AIM OF THE EXERCISE: Pictures stay out, but every line of the data is copied exactly.

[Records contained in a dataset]
* * * * * * *

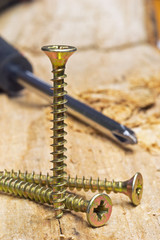 Macro image of a screwdriver and screws on a wooden surface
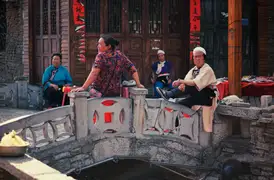 Tunpu women just hanging out at Tianlong, Guizhou.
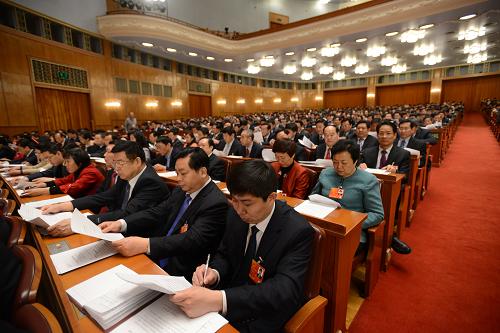 3月10日,十二屆全國人大一次會議在北京人民大會堂舉行第三次全體會議。 新華社記者 王建華 攝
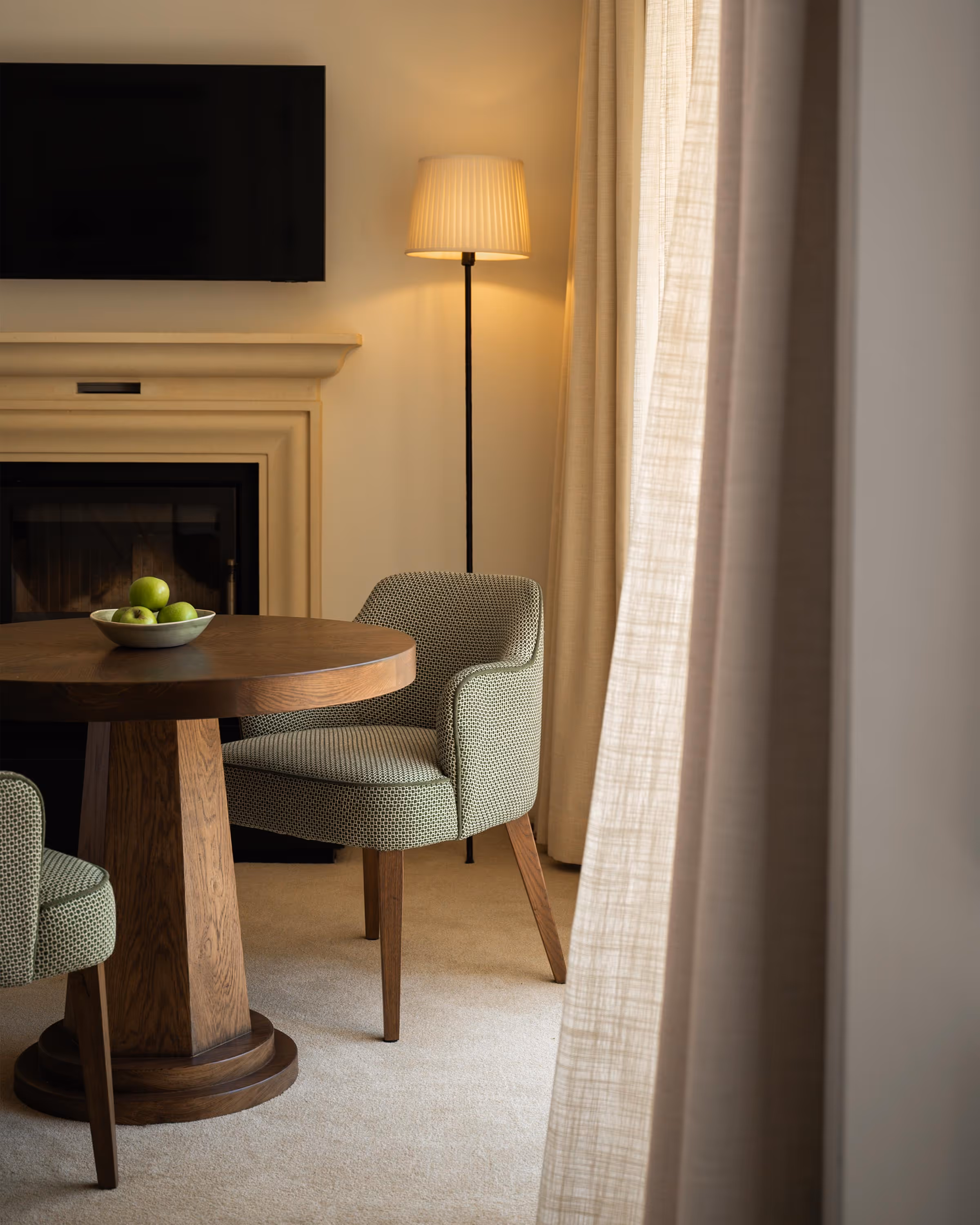 Luxury room interior with a small seating area and TV above a fireplace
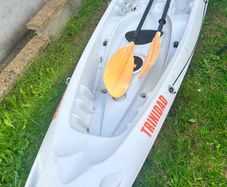 2+1 family sit on kayak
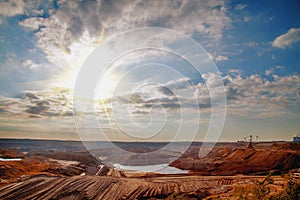 Industrial view of opencast mining quarry with machinery at work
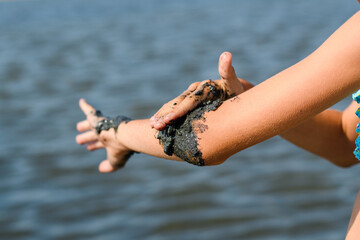 Close up of elbow joint treatment process with natural black curative mud. Alternative medicine. Selective focus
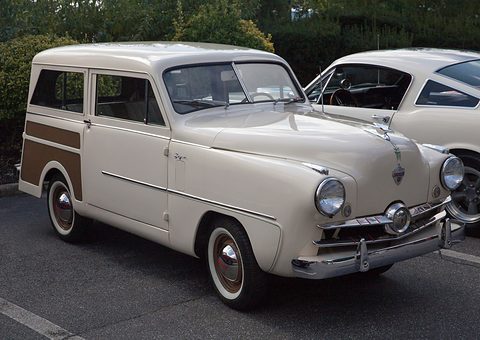 Cream small estate with brown woodgrain panels and a propeller-centred grille, a white car beside it. Opens a larger view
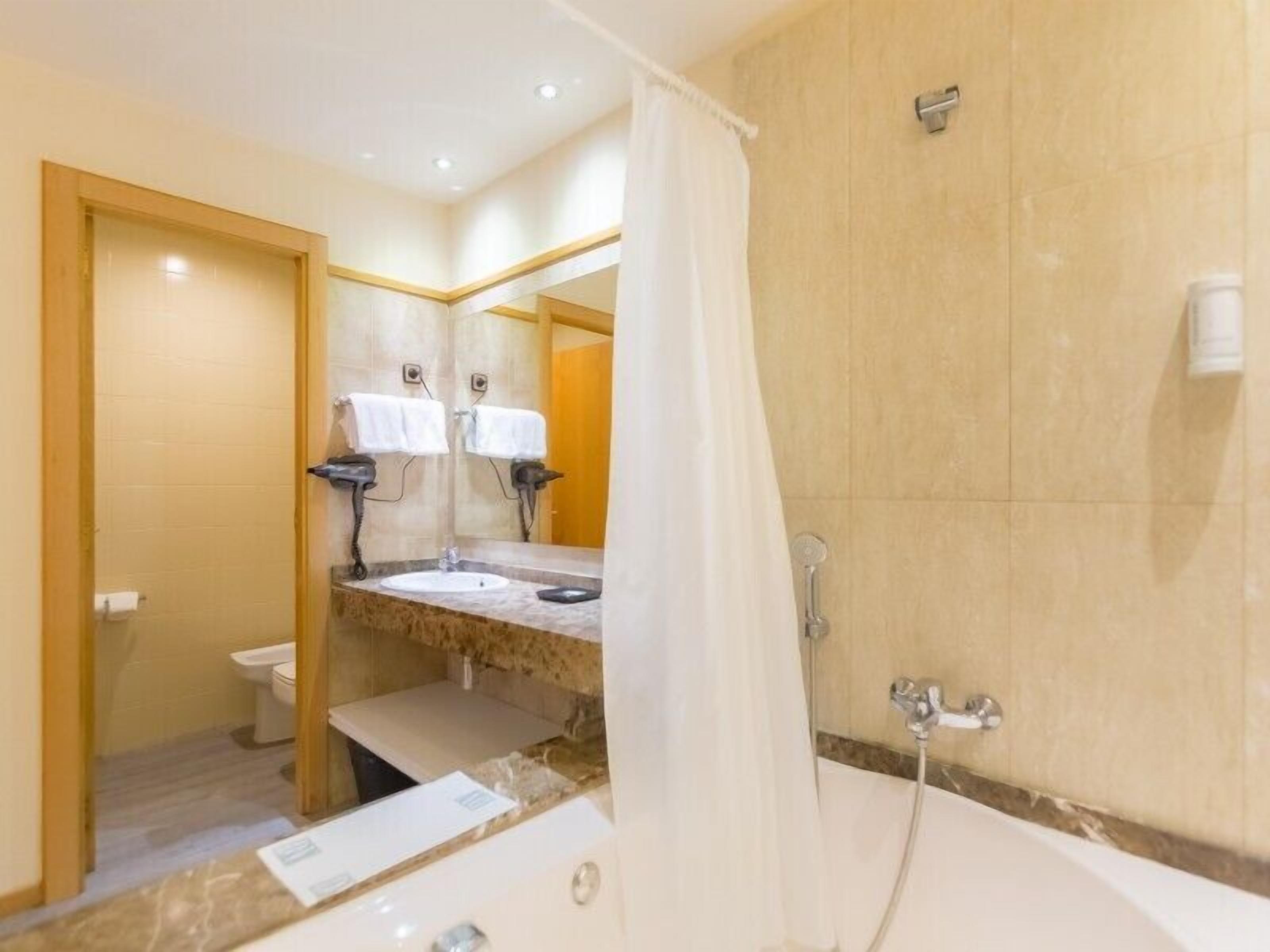 A bathroom with a bathtub, a sink, and a toilet. There are two towel racks with white towels hanging.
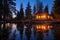 lakeside cabin with warm lights on during twilight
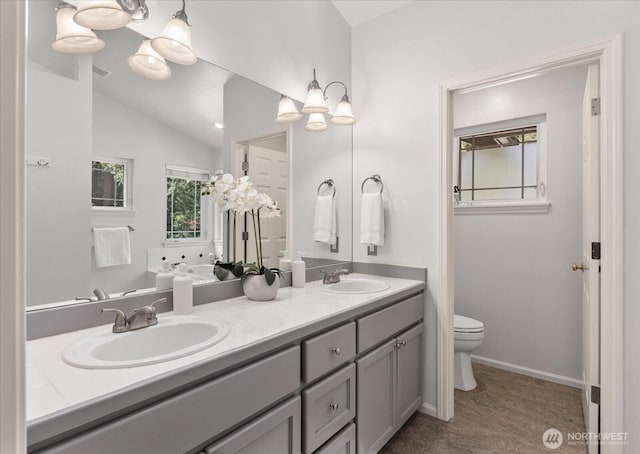 bathroom featuring toilet, double vanity, baseboards, lofted ceiling, and a bath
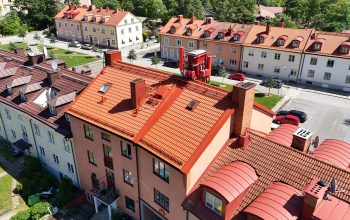 Fågelvy över ett lägenhetsområde. Längorna skiljs åt av bilvägar, och omges av gräsmattor. Taken varierar i färg och material.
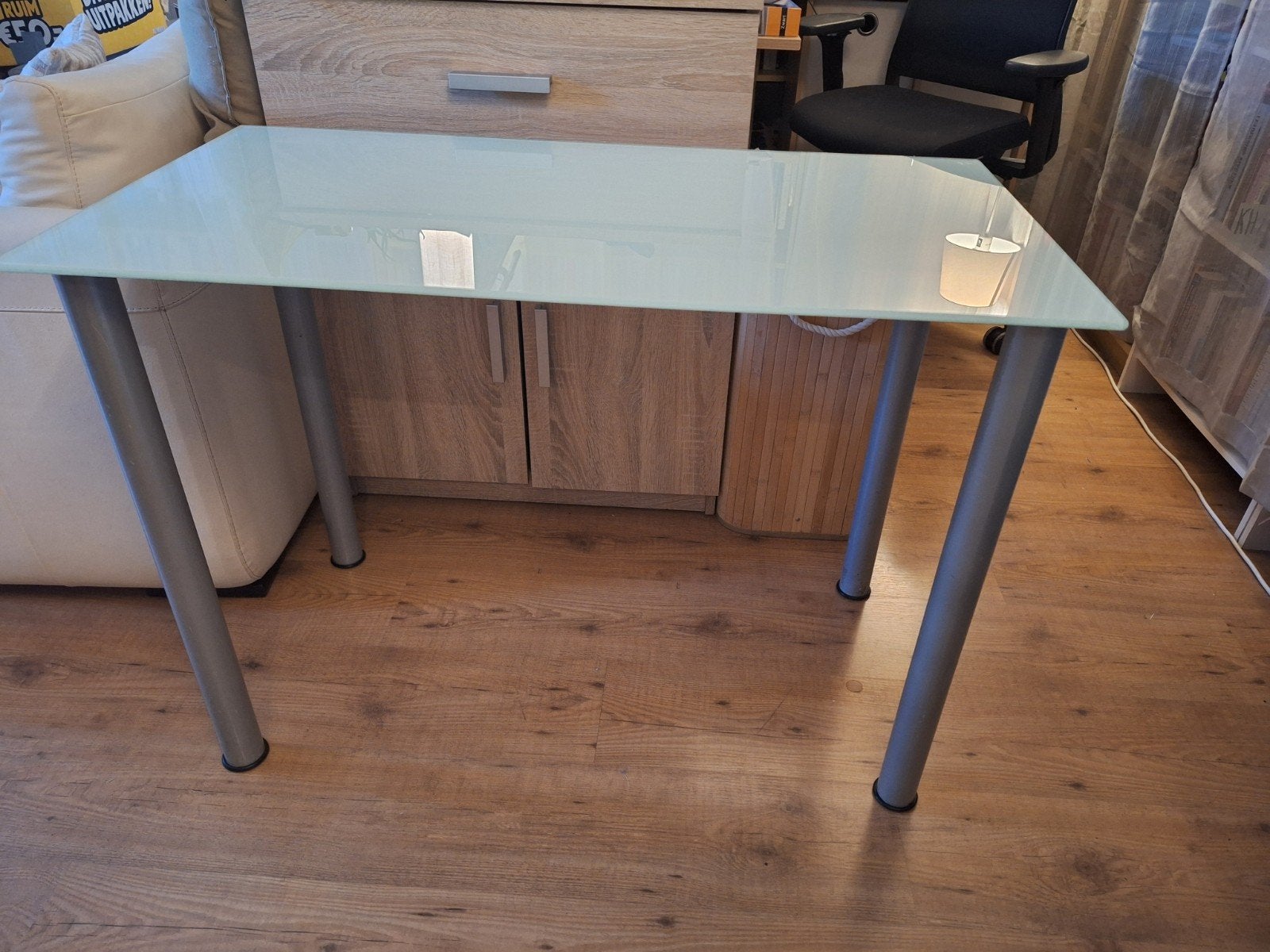 IKEA Glazen Tafel/Bureau 99x52x71,5 cm met Adils Poten, Ophalen, Gebruikt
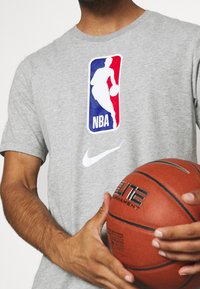Camiseta de algodón gris con el logo de la NBA en color y el swoosh blanco de Nike. Persona sostiene un balón de baloncesto marrón con la marca "Elite".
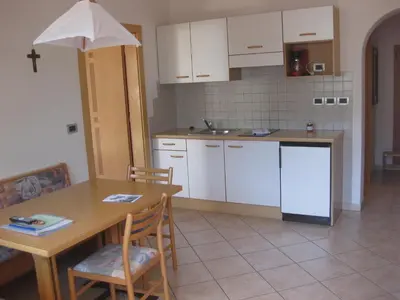 a kitchen with a wooden table and a table and chairs at Ferienwohnung im Haus Texel IV in Parcines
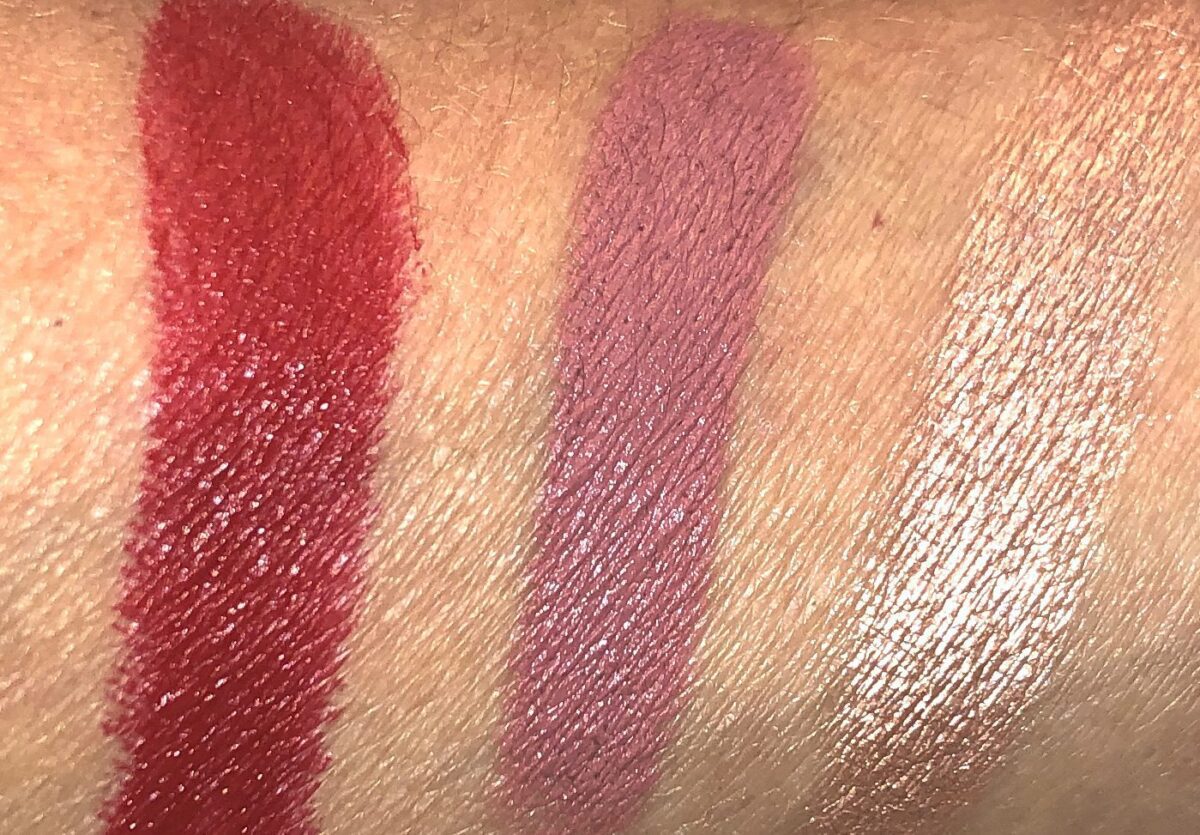 L TO R: ELSON LIPSTICK, OMI LIPSTICK, CHAMPAGNE GOLD HIGHLIGHTER SWATCHES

* * * * * * *

ANSWER TO THIS PROBLEM:
 Macro image of a screwdriver and screws on a wooden surface
 Tunpu women just hanging out at Tianlong, Guizhou.
 3月10日,十二屆全國人大一次會議在北京人民大會堂舉行第三次全體會議。 新華社記者 王建華 攝
 Luxury room interior with a small seating area and TV above a fireplace
 2+1 family sit on kayak
 Industrial view of opencast mining quarry with machinery at work
 Close up of elbow joint treatment process with natural black curative mud. Alternative medicine. Selective focus
 Cream small estate with brown woodgrain panels and a propeller-centred grille, a white car beside it. Opens a larger view
 A bathroom with a bathtub, a sink, and a toilet. There are two towel racks with white towels hanging.
 lakeside cabin with warm lights on during twilight
 bathroom featuring toilet, double vanity, baseboards, lofted ceiling, and a bath
 Fågelvy över ett lägenhetsområde. Längorna skiljs åt av bilvägar, och omges av gräsmattor. Taken varierar i färg och material.
 IKEA Glazen Tafel/Bureau 99x52x71,5 cm met Adils Poten, Ophalen, Gebruikt
Camiseta de algodón gris con el logo de la NBA en color y el swoosh blanco de Nike. Persona sostiene un balón de baloncesto marrón con la marca "Elite".
 a kitchen with a wooden table and a table and chairs at Ferienwohnung im Haus Texel IV in Parcines
 L TO R: ELSON LIPSTICK, OMI LIPSTICK, CHAMPAGNE GOLD HIGHLIGHTER SWATCHES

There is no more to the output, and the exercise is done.